What is required: Every line of the material below should be output exactly as written, with the images skipped.

Given information:
_____

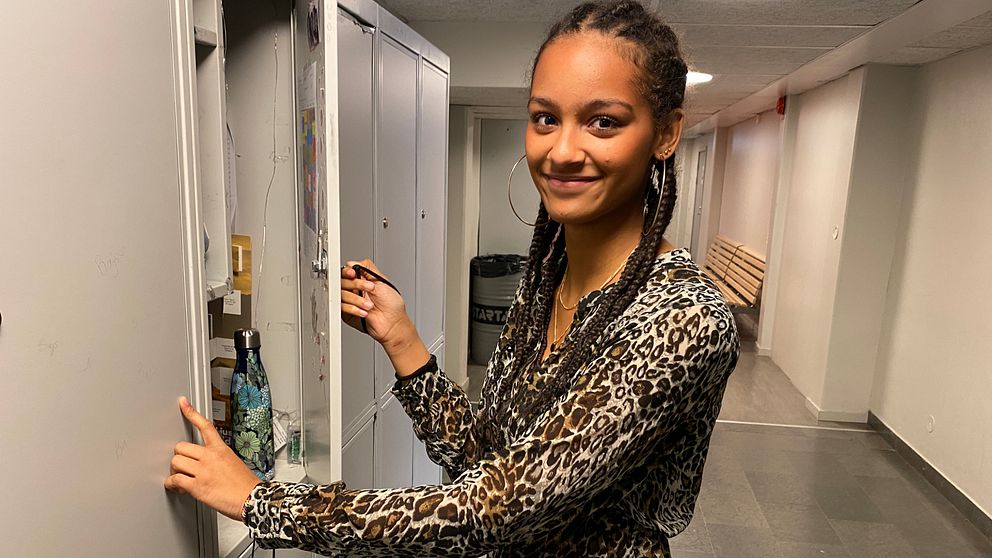 Nauvoo Kristofersdotter Ekeke  som är elev på Bergsåkers skola står vid sitt skåp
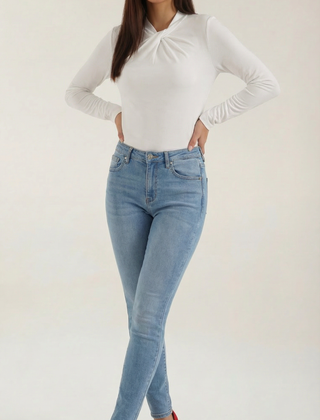 Jamie | Blusa con Cuello Alto y Lazo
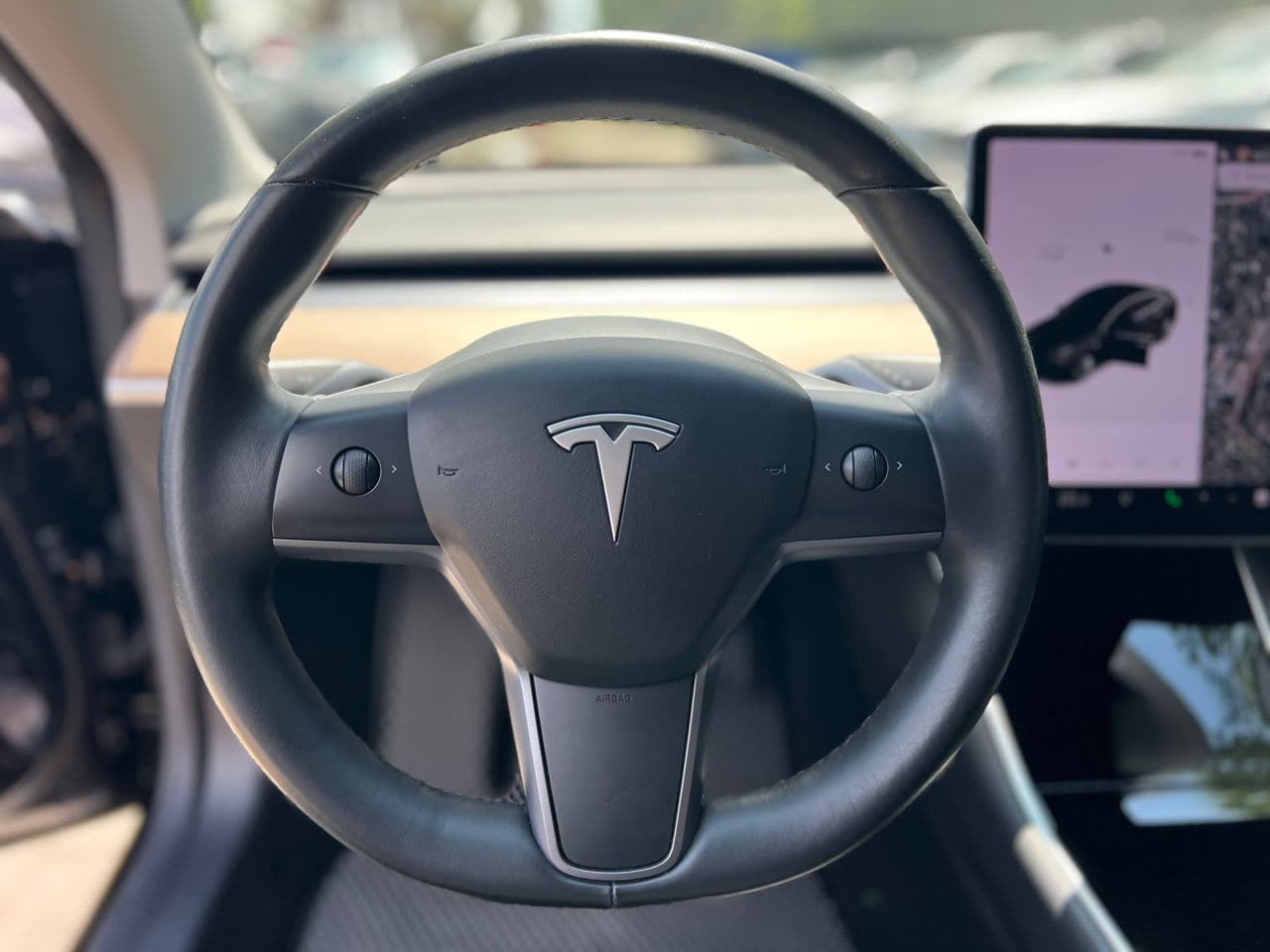 Tesla Model 3 2018 — Миниатюра 8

_____

Reply:
 Nauvoo Kristofersdotter Ekeke  som är elev på Bergsåkers skola står vid sitt skåp
 Jamie | Blusa con Cuello Alto y Lazo
 Tesla Model 3 2018 — Миниатюра 8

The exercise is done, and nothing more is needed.